- Data block -
_ _ _ _ _

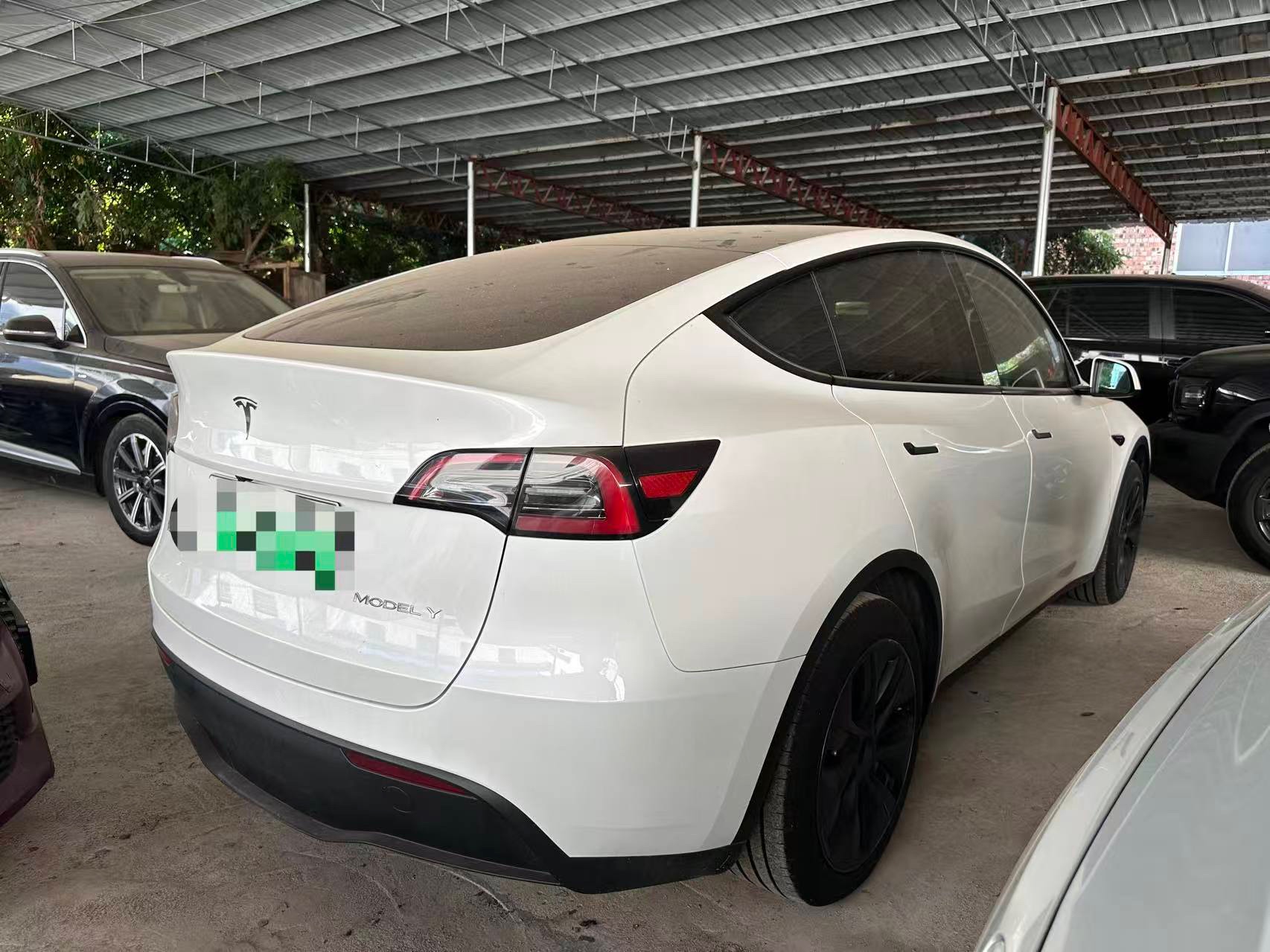 Tesla Model Y 2024 #4 Tesla Model Y 2024 car image #4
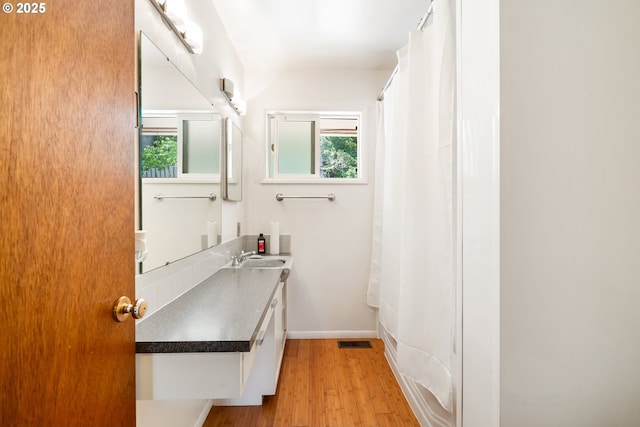 2120 W 23rd Ave, Eugene, OR 97405 - bathroom with vanity, healthy amount of natural light, wood finished floors, and a shower with curtain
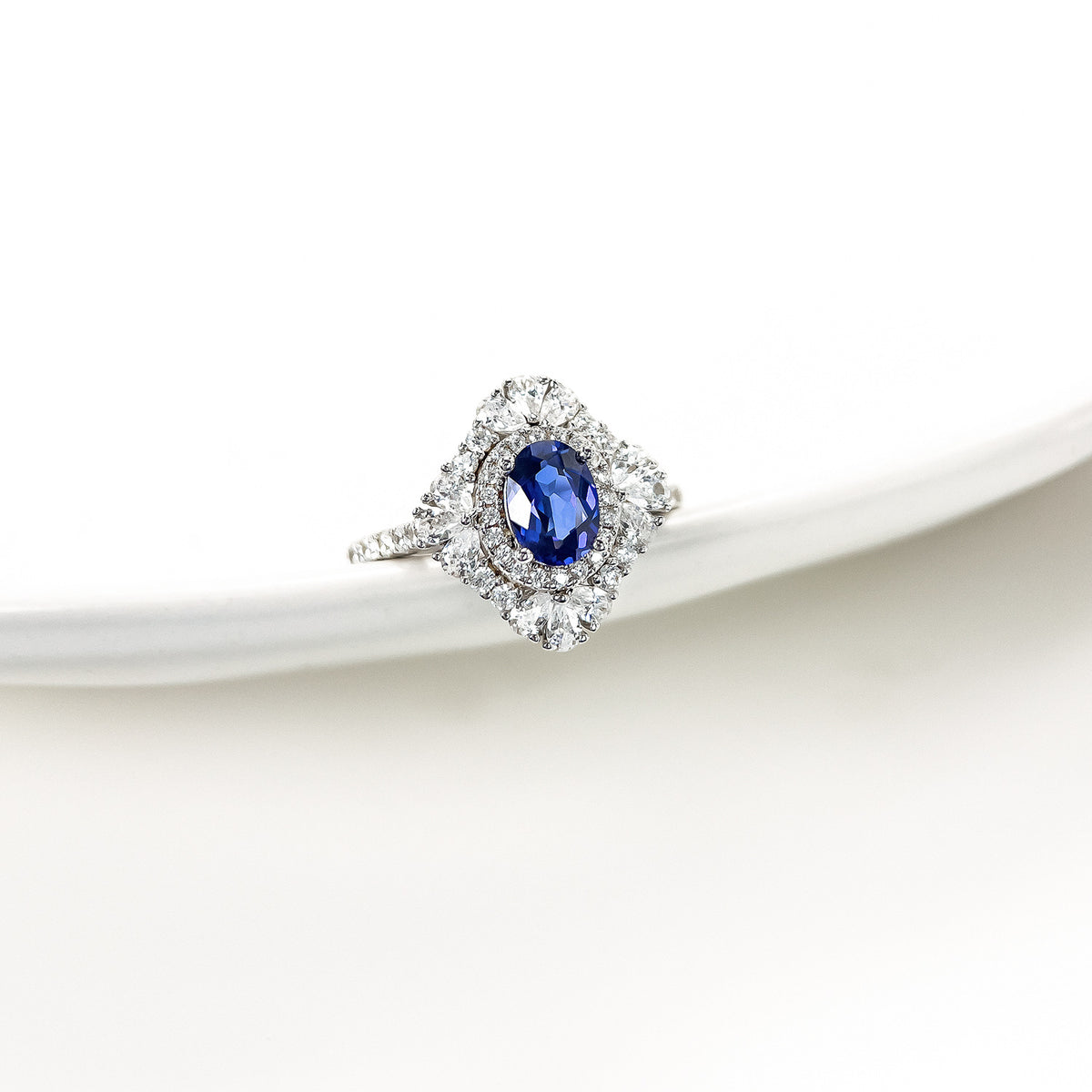 Lab-grown blue sapphire halo ring side view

_ _ _ _ _

- Problem requirements -
Leave out the pictures, and write out all the remaining data above exactly.

- Solution to the problem -
 Tesla Model Y 2024 #4 Tesla Model Y 2024 car image #4
 2120 W 23rd Ave, Eugene, OR 97405 - bathroom with vanity, healthy amount of natural light, wood finished floors, and a shower with curtain
 Lab-grown blue sapphire halo ring side view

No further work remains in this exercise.